For his follow-up to the extremely stylish, epic and psychedelic “The Fountain”, Darren Aronofsky does a complete 180 here. “The Wrestler” is low-key, intimate, down to earth… It’s not quite a Dardenne brothers film, but it’s a close parent of “Rocky Balboa”, Stallone’s surprisingly gritty and heartfelt farewell to the iconic boxer character that made him famous.

Mickey Rourke stars as Robin Ramzinsky, aka Randy “The Ram” Robinson, a once wildly popular professional wrestler who’s now a has been, living in a trailer park, working in a supermarket, spending his nights drinking beer and popping painkillers… Oh, he still gets to wrestle in small events on the weekends, and sure, he can still bring it in the ring… But it gets harder every time to catch his breath, his back hurts, and his heart often feels like it’s about to give in. And the 50something bastard looks pretty grotesque, with his long bleached-blonde hair, his fake tan, his steroids-pumped muscles and his beat-up face…

Grotesque, but not ridiculous.

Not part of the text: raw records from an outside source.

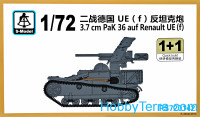 UE & Pak.36 gun (2 model kits in the box)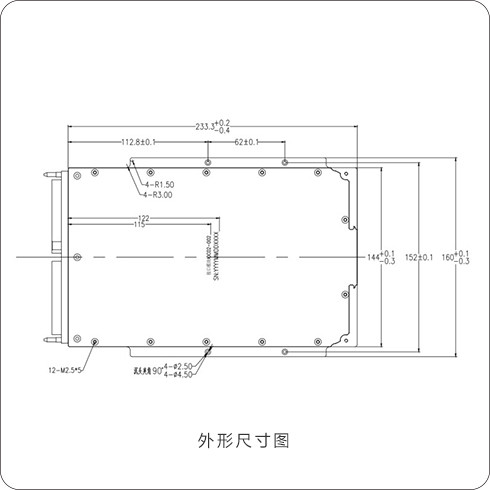 88327752 超高速FMC+子卡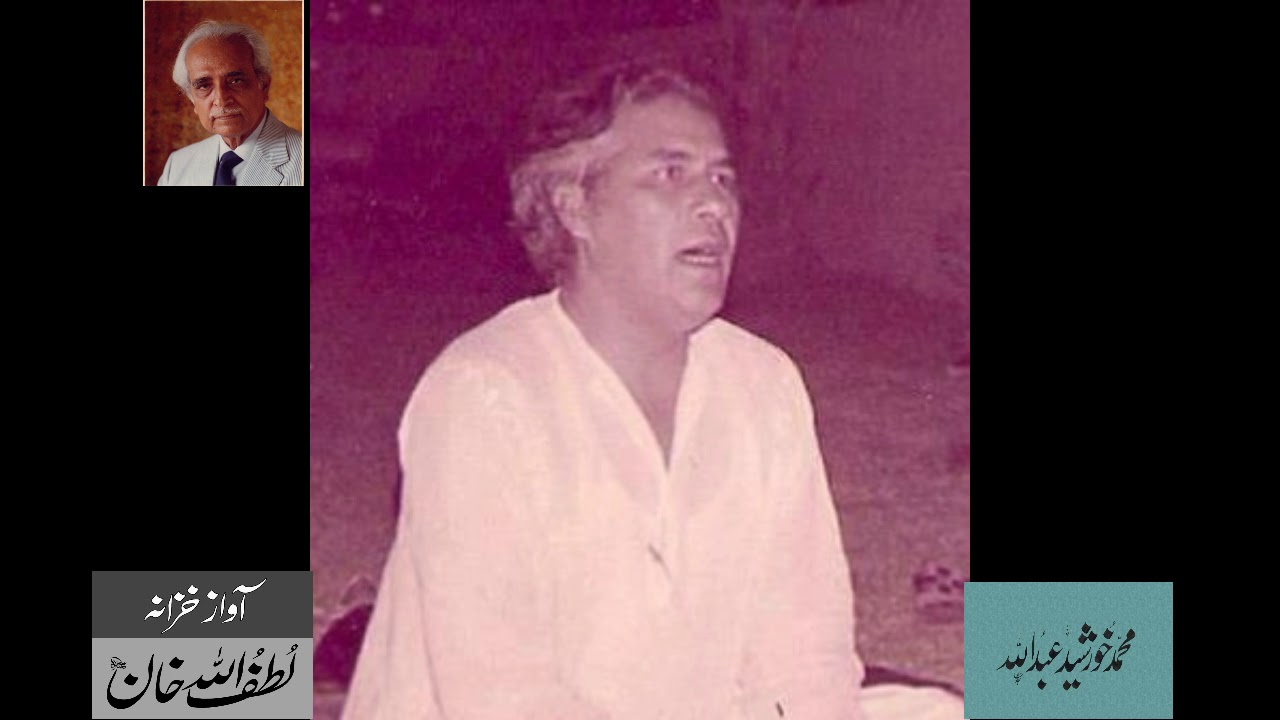 Suroor Barabankvi recites his Ghazal (1) – From Archives of Lutfullah Khan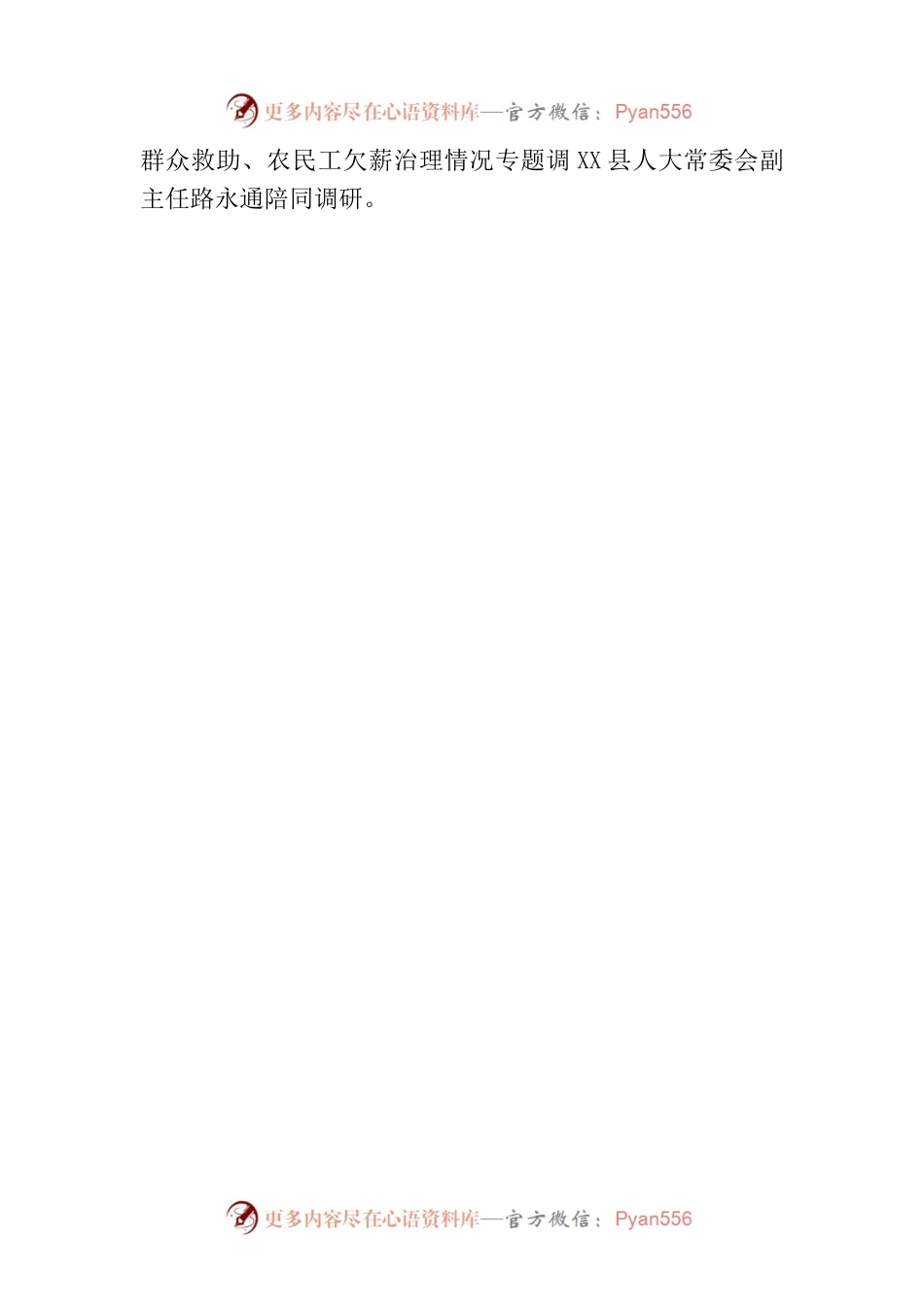 X县要事简报（2023年6月19日—6月25日）.docx_第2页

We may crack a smile at the sight of an action figure of himself on the dash of his van, at how he still plays that 8-bit Nintendo wrestling game where one of the characters is based on him or at his undying love for 1980s hair metal, but Robert D. Siegel‘s screenplay manages not to make this washed up wrestler a joke, just an “old broken down piece of meat” for whom we feel tremendous empathy.

Whether he’s flirting with a stripper (Marisa Tomei), trying to make amends with his daughter (Evan Rachel Wood) or working the deli counter, The Ram is both sad and oddly charming, which has a lot to do with how great Rourke is in the part. Kind of a has been himself (though in my book, “Sin City” already brought him back with a vengeance a few years ago), the ’80s leading man has had some bad breaks and personal problems over the years, but it’s all being put to amazing use here, in what might be the role of a lifetime for him.

“The Wrestler” is not as immediately awe-inspiring as “The Fountain”, or “Requiem for a Dream” for that matter, but it quietly works its magic on you and by the end, you’re once again awed by Aronofsky. The man can do no wrong, as far as I’m concerned.